Entries supplied below:

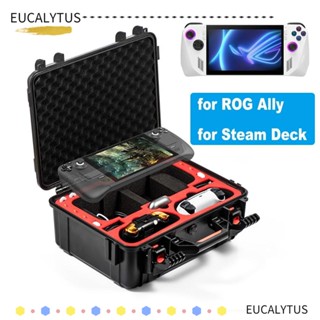 Eutus กล่องเก็บเกมแพด กันน้ํา กันกระแทก ความจุขนาดใหญ่ สําหรับ ROG Ally Stem Deck Travel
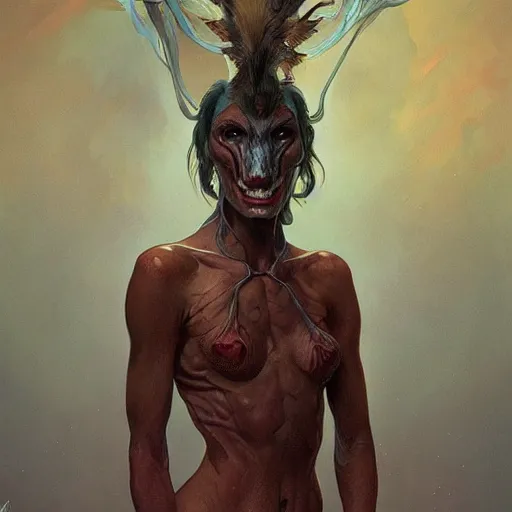 Image similar to portrait of native weird distorted body Skinwalker, highly detailed, digital painting, artstation, concept art, smooth, sharp focus, illustration, art by artgerm and greg rutkowski and alphonse mucha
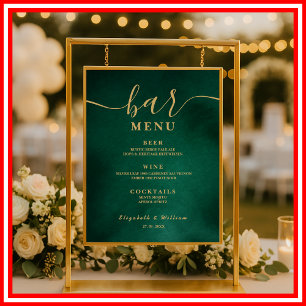 Poster Menu du bar de mariage vert émeraude et or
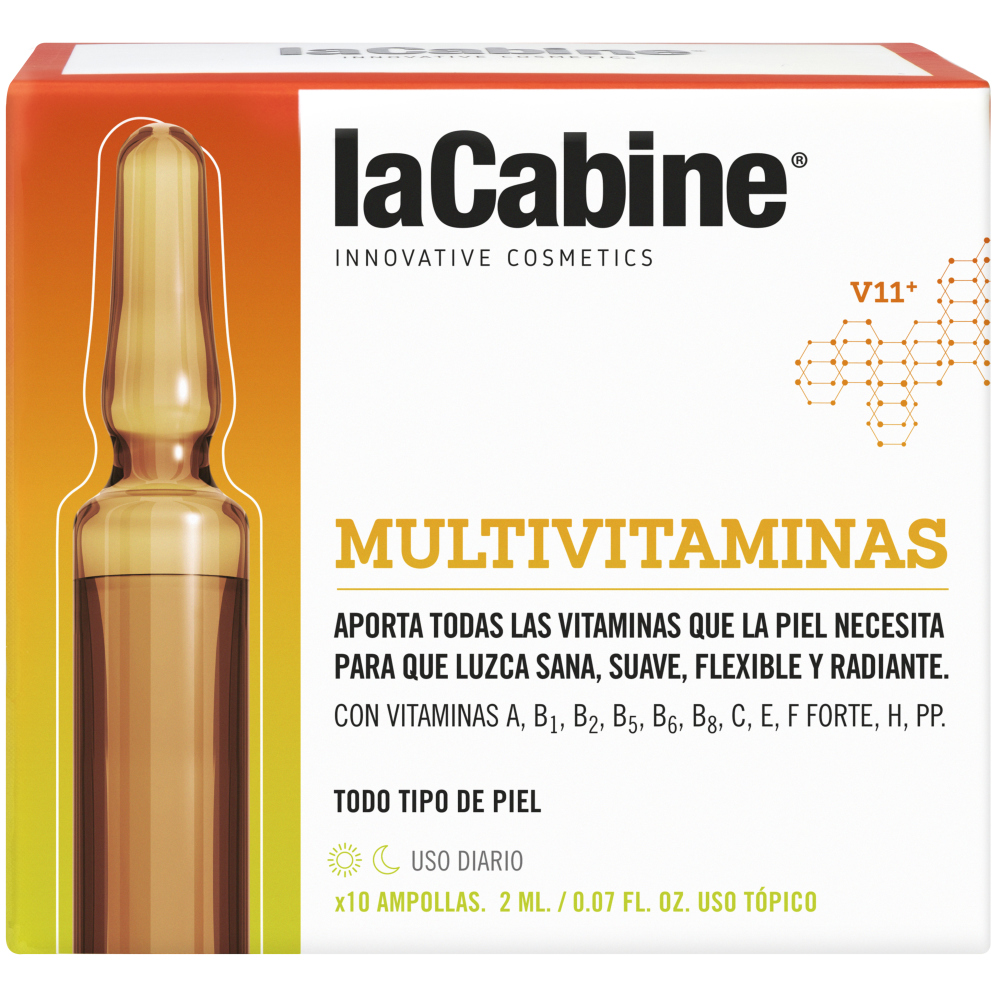 La Cabine Концентрированная сыворотка в ампулах с 11 витаминами Multivitamines Ampoules, 10 ампул*2 мл (La Cabine, Сыворотки для лица) la cabine комплекс из 5 видов гиалуроновой кислоты в ампулах 5xpure hyaluronic ampoules 10 ампул 2 мл la cabine сыворотки для лица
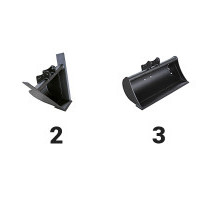 Buckets: (1) Digging bucket (2) Trapezoidal trench bucket (3) Gutter cleaning bucket (4) Grapple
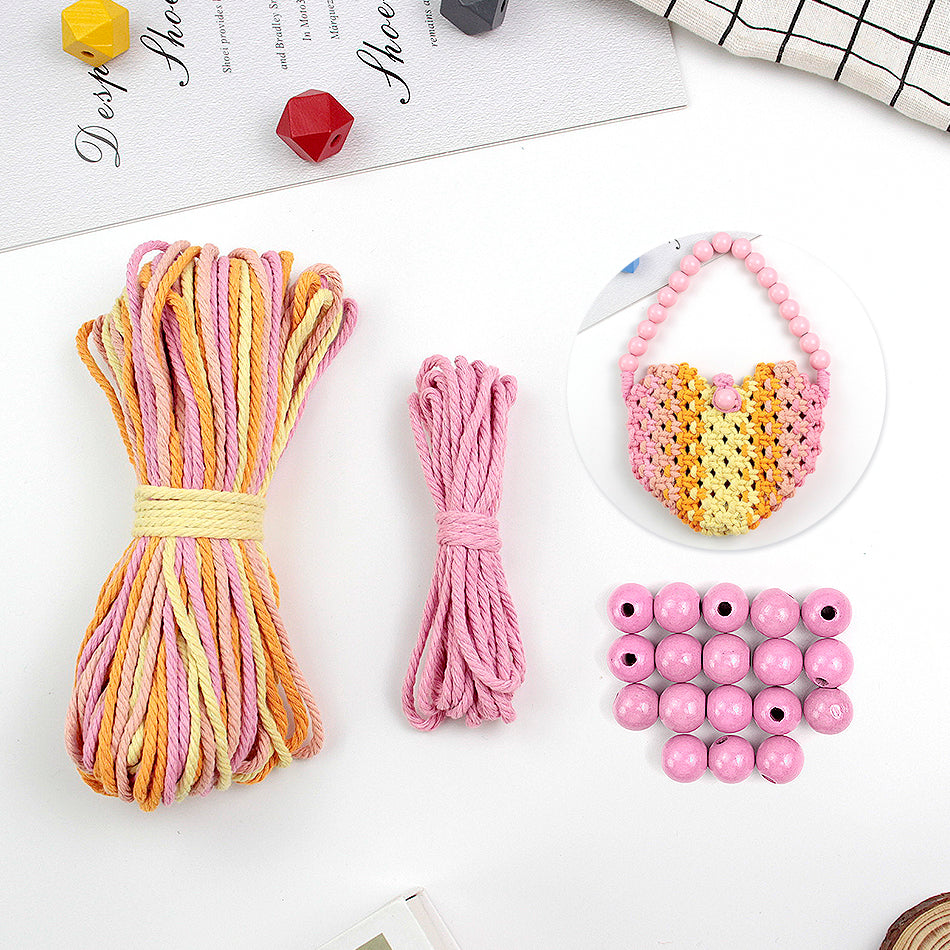 Macrame Kit Heart-Shaped Beaded Tote Weaving Kit | Dopamine Colors | Commute/Outing Use | Beginner-Friendly | DIY Gift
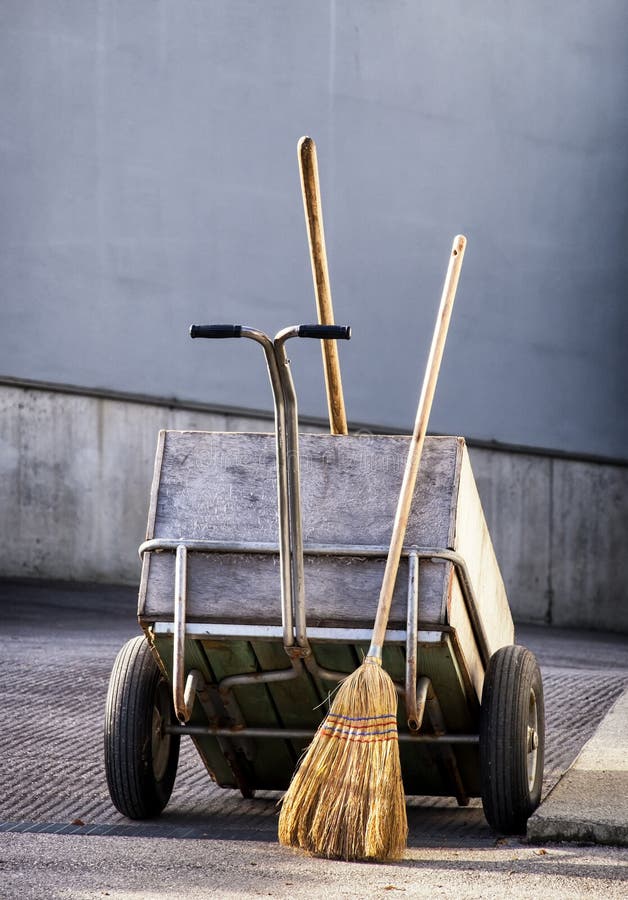 Tools of a street cleaner stock photo. Image of street 35202018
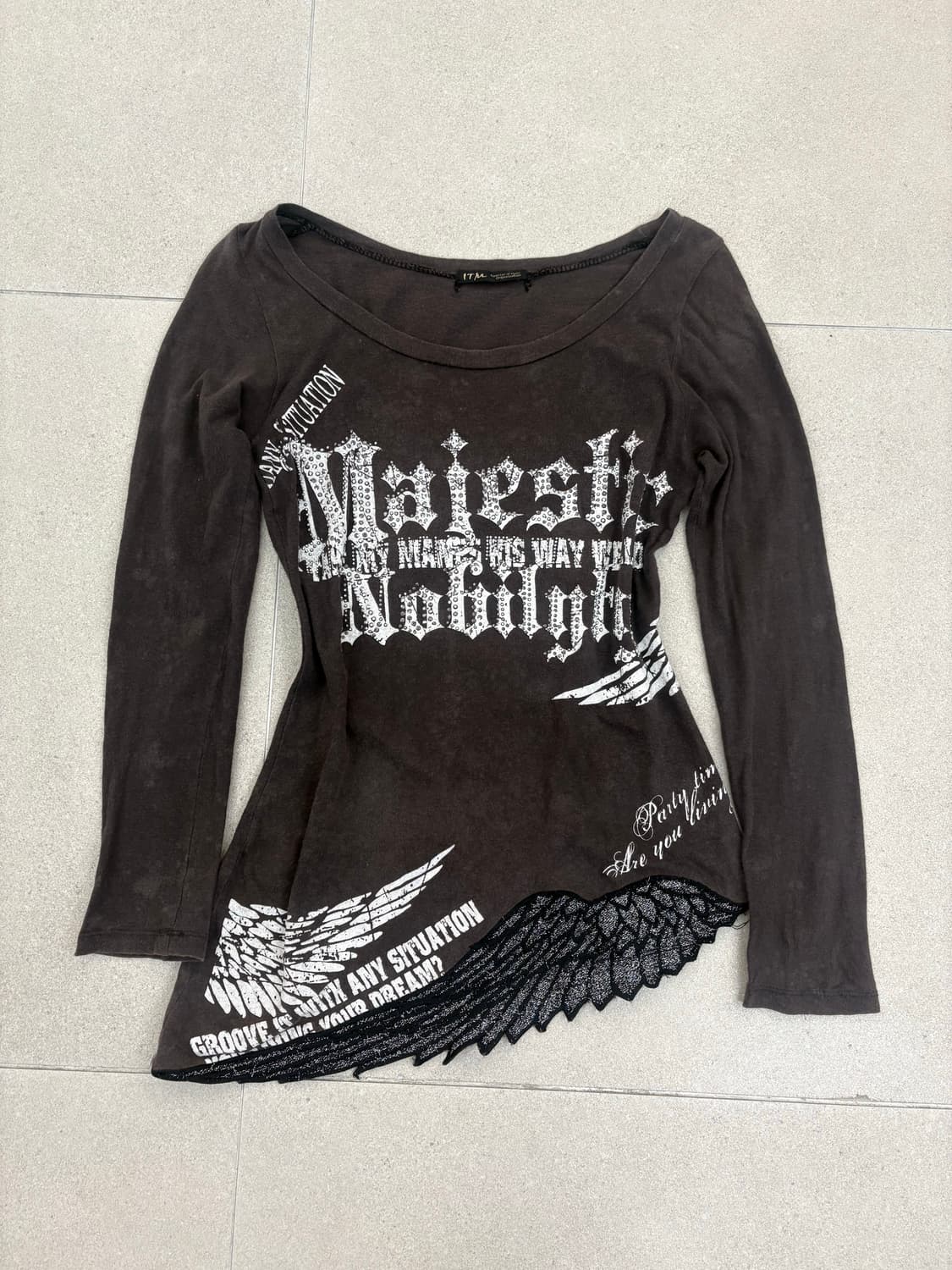 브라운 날개 큐빅 롱슬리브 상품이미지2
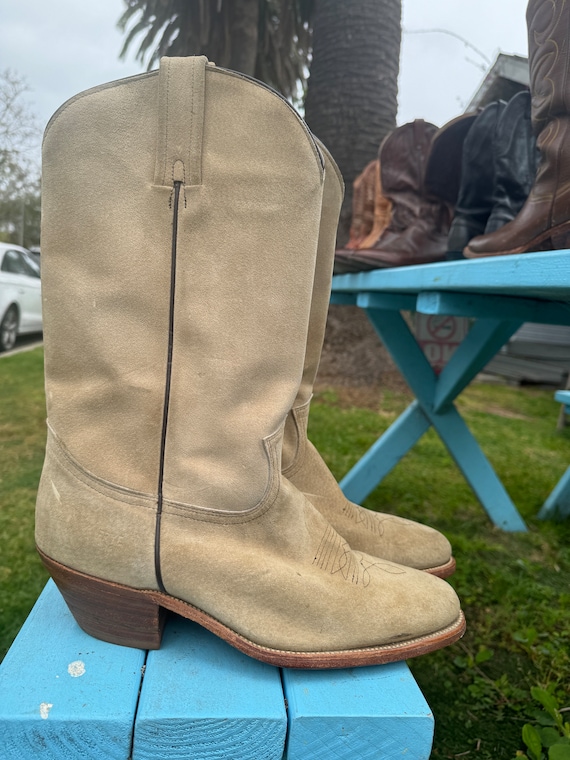 Frye Suede Cowboy Boots-Men Size 12 - image 5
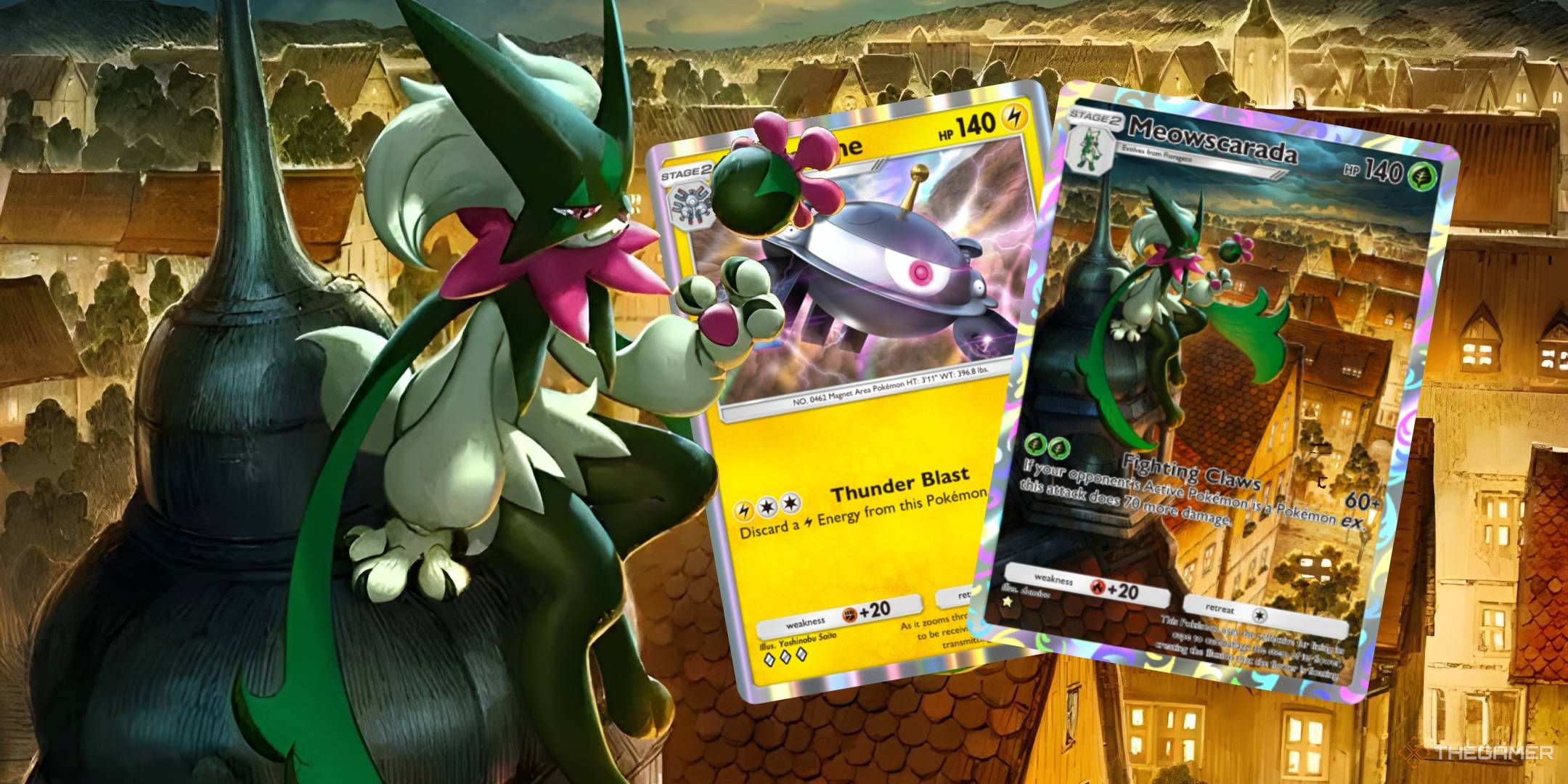 Mosakada sits on top of a building and praises the deck's prominent deck cards in the Pokémon TCG pocket.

End of Entries supplied.

Starting with the line that contains "La Cabine Концентрированная", copy every line word for word through the end of the listing above, but leave out the pictures.

* [Result]:
 La Cabine Концентрированная сыворотка в ампулах с 11 витаминами Multivitamines Ampoules, 10 ампул*2 мл (La Cabine, Сыворотки для лица) la cabine комплекс из 5 видов гиалуроновой кислоты в ампулах 5xpure hyaluronic ampoules 10 ампул 2 мл la cabine сыворотки для лица
 Buckets: (1) Digging bucket (2) Trapezoidal trench bucket (3) Gutter cleaning bucket (4) Grapple
 Macrame Kit Heart-Shaped Beaded Tote Weaving Kit | Dopamine Colors | Commute/Outing Use | Beginner-Friendly | DIY Gift
 Tools of a street cleaner stock photo. Image of street 35202018
 브라운 날개 큐빅 롱슬리브 상품이미지2
 Frye Suede Cowboy Boots-Men Size 12 - image 5
 Mosakada sits on top of a building and praises the deck's prominent deck cards in the Pokémon TCG pocket.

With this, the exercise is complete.